Until 1990, when someone claimed that the government—state or federal—improperly interfered with her First Amendment free exercise rights, the U.S. Supreme Court applied the so-called “strict scrutiny” test to evaluate the claim. This is the most demanding of the tests used in litigation involving fundamental constitutional rights, and it is basically the same as the standard adopted in the new Virginia law: the government must show a “compelling interest” and the law must be “narrowly tailored” or be “the least restrictive means” available to achieve that interest.
Despite this rigorous standard, during the past half-century the Supreme Court has upheld religious free exercise claims in only two instances. In a series of cases going back to 1963, the Court ruled that individuals who left their jobs for religious reasons could not be denied unemployment compensation. And in a 1972 case, the Court ruled that the Amish could claim a free exercise exemption from compulsory school attendance laws for children over age fourteen. In legal terms, the governmental interest was not compelling enough in these cases to justify the burden placed on religious practice by enforcing the laws.
However, in every other context in which someone sought an exemption from state or federal law on religious grounds—Sunday closing laws, tax laws, labor laws, military dress requirements, prison regulations—the Court refused. Still, the principle is important. The “strict scrutiny” test forces the government to think about the impact its laws might have on religious practices, and it holds the government to a very high standard when it takes action that interferes with this basic right.

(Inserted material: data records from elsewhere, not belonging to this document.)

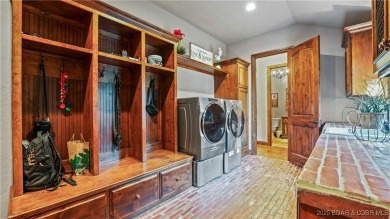 Welcome to a one-of-a-kind luxury estate in a gated Osage Beach on Sycamore Creek Golf Club in Missouri - for sale on GolfHomes.com, golf home, golf lot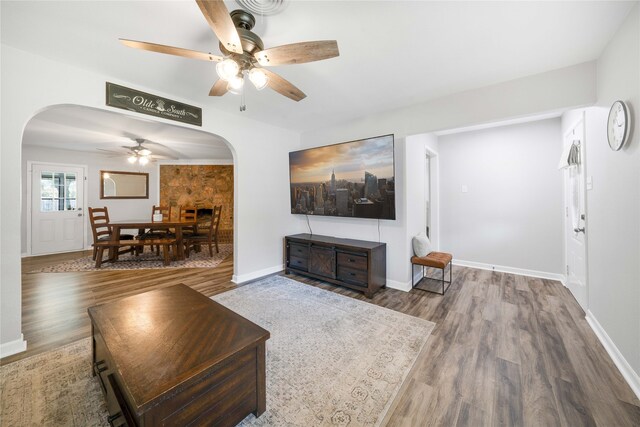 living room featuring ceiling fan and hardwood / wood-style flooring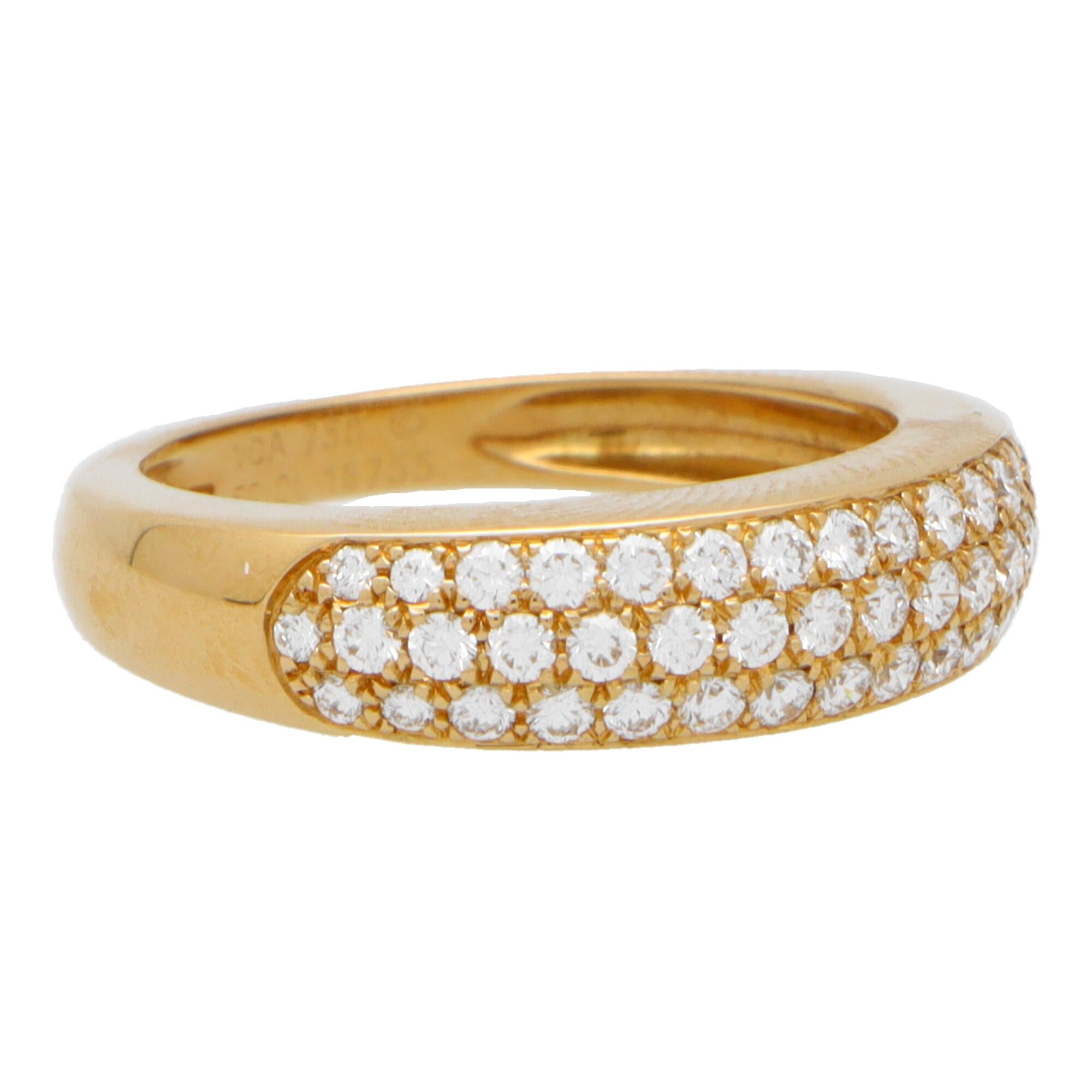 A beautiful vintage Van Cleef & Arpels diamond band ring set in 18k yellow gold. 

The ring is comprised of three rows of round brilliant cut diamonds which are pavé set in a subtle bombé design. The shoulders of the band graduate elegantly round to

This approach to free exercise law changed dramatically in 1990. In the case of Employment Division v. Smith, the Supreme Court abandoned the strict scrutiny test and held that “the right of free exercise does not relieve an individual of the obligation to comply with a valid and neutral law of general applicability.” This means that as long as the government does not target a particular religion, a law or policy cannot be challenged on free exercise grounds no matter how big a burden it imposes on one’s religious practices. In other words, the Court rejected the very possibility that the First Amendment might require a religious exemption in appropriate cases. Free exercise claims must now be framed in terms of some other constitutional right, such as freedom of speech or equal protection of the laws.
In 1993, Congress responded by enacting the Religious Freedom Restoration Act. The RFRA revived the strict scrutiny test for free exercise cases, and was clearly intended to overrule the Smith decision. However, in 1997, the Supreme Court ruled that Congress exceeded its authority when it enacted the RFRA, and that the RFRA therefore could not constitutionally be applied to state laws. It did continue to apply to federal laws, however, and in 2006 the Supreme Court applied the RFRA to permit a religious exemption from federal drug laws.

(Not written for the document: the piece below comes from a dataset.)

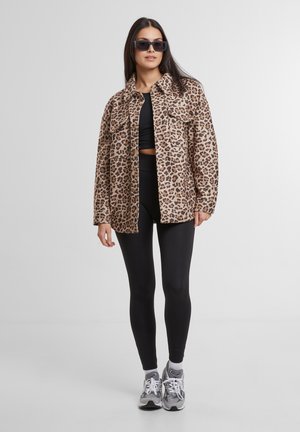 Moteris nešiojanti juodus saulės akinius, striukę su leopardiniu raštu, juodą trumpą palaidinę, juodas tamprės ir pilkus sportinius batelius, stovinti prieš paprastą foną.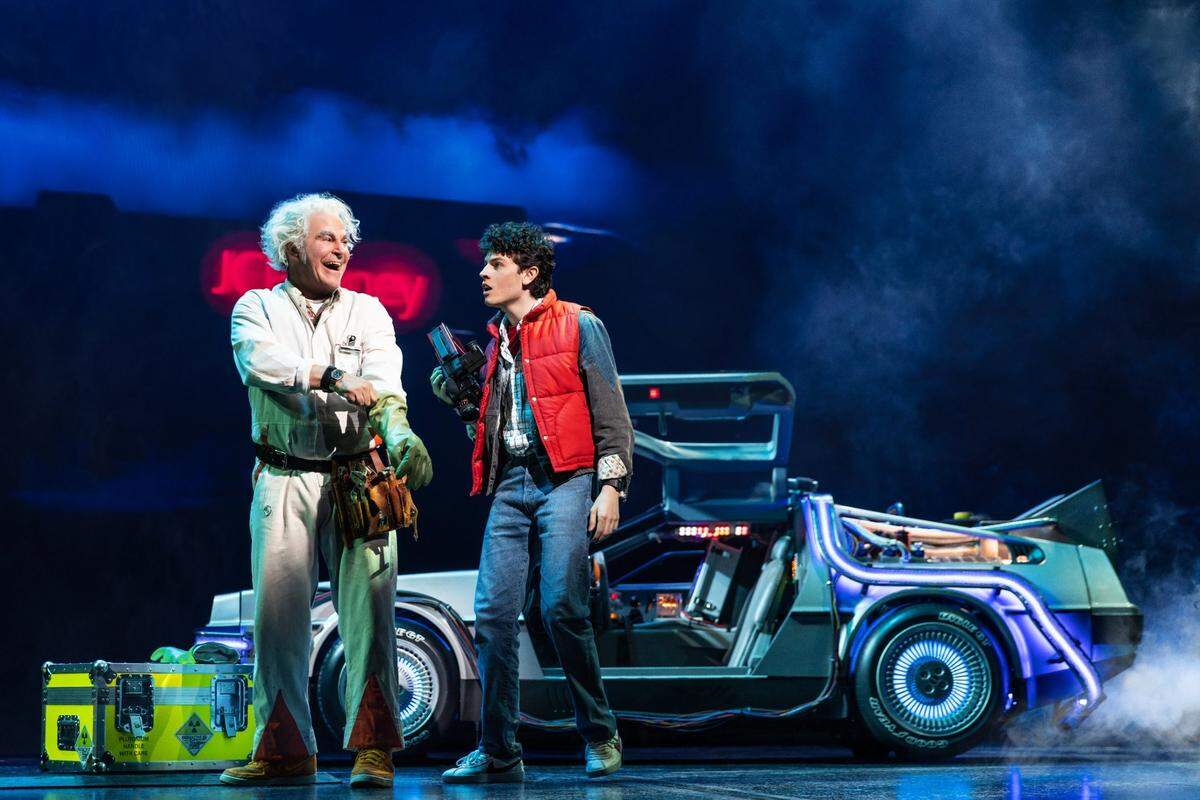 Roger Bart, left, and Casey Likes star in the Broadway production of “Back to the Future: The Musical.”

This meant that federal laws and policies that substantially burdened religious practice had to satisfy the strict scrutiny/compelling interest standard, because this was the test required by the RFRA. State laws, however, did not have to satisfy this high standard, because the RFRA did not apply to them. And since most claims alleging an infringement of free exercise rights have involved state law, this left a gaping hole in the protection of religious freedom.
How might states fill this gap? There are two possibilities. First, state courts are free to interpret their own state constitutions differently than the Supreme Court interprets the U.S. Constitution. All state constitutions contain clauses protecting religious free exercise, and several state supreme courts have ruled that these clauses require use of the strict scrutiny test. Second, states may enact their own religious freedom protection laws, or mini-RFRAs, as these are known, and impose the higher standard by statute. This is the path Virginia and about a dozen other states have chosen.
Several issues remain unresolved. First, if the Supreme Court of Virginia follows the pre-1990 pattern of the U.S. Supreme Court, religious free exercise claims may rarely be upheld despite the stricter test. Only time will tell. Second, might this law allow employers or landlords, for example, to discriminate against women or minorities on religious grounds? My own answer is No; surely enforcing anti-discrimination and other civil rights laws is a compelling interest sufficient to override any claimed “right” to discriminate in such cases. But the law would have been clearer if this had been stated directly.
Finally, how do those of us concerned with religious freedom respond to the charge that a constitutionally protected religious exemption from the law would create chaos? Should we be allowed, on religious grounds, to ignore laws we don’t like? Is this what we mean by religious freedom? These are issues worth thinking about.